Professor Sufi: An Ironclad Rule of Economics Suggests China Is Headed for a Downturn
It's possible that the world's second-largest economy is already in recession, according to Amir Sufi, professor of economics at the University of Chicago and co-author of House of Debt.
Because of concerns about the quality of Chinese data, and in particular the manner in which nominal figures are deflated, economists have a number of different proxies to try to get a more accurate picture of the economy's health.
At the Chicago Booth School of Business' 2016 outlook presentation, the professor pointed to flat-lining electricity consumption growth and tumbling freight traffic volumes—both of which are components of the Li Keqiang index—as indicative of an economic downturn:
Being a centrally planned economy will not prevent China from hitting a wall, said Sufi, who added that Beijing won't be able to make up for a shortfall in aggregate demand.

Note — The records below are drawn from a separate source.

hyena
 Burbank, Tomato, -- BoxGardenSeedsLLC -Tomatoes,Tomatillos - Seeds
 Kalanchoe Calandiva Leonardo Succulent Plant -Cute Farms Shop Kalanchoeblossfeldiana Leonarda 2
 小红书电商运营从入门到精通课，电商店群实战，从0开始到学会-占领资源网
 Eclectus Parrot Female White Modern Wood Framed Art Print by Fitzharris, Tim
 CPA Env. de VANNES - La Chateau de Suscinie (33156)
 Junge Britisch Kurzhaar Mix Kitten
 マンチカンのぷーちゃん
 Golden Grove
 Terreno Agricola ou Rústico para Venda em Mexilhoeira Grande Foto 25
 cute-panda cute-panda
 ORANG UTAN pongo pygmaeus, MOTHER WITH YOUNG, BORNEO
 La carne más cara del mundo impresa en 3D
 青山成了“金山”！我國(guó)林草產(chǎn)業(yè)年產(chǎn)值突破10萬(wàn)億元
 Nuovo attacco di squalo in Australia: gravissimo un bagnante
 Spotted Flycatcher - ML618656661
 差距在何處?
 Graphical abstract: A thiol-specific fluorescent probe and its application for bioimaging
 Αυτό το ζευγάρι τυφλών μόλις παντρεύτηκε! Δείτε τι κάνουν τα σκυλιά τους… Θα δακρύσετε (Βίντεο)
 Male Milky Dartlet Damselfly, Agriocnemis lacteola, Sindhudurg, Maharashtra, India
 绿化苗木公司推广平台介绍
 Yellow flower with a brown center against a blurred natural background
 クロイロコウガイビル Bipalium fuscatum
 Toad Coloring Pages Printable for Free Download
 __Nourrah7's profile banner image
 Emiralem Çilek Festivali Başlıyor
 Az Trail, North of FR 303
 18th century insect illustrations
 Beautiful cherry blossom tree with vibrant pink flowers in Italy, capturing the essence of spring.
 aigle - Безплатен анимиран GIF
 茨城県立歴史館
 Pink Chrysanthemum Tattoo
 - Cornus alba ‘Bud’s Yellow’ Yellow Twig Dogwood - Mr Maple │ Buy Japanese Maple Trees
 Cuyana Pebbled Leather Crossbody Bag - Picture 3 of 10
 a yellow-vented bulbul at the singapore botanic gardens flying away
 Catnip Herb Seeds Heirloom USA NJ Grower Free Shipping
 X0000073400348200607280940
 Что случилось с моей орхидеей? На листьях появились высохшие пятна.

The quasi-command structure of the Chinese economy, however, does make nailing the timing of any inflection point more difficult, as its economic activity is somewhat sheltered from market forces.
Nor is the ample current account surplus a panacea, according to the professor, who highlighted that Japan's elevated trade surplus in the late 1980s didn't prevent a collapse of asset values and the onset of the country's famous "Lost Decade."
For Sufi, whose book focuses on the role of leverage in preceding recessions and prolonging a return to normalcy, excesses related to the two Ds—debt and durables, such as cars, commercial real estate, and residential housing—offer additional cause for concern. China has swapped out a debt-fueled foreign demand binge for a debt-fueled local government spending spree, he said, after which it will be very hard to generate demand.
There is a robust statistical relationship between sharp increases in debt to GDP and an ensuing recession, asserted Sufi, and China's rapid leveraging entails that it won't be immune from this ironclad rule.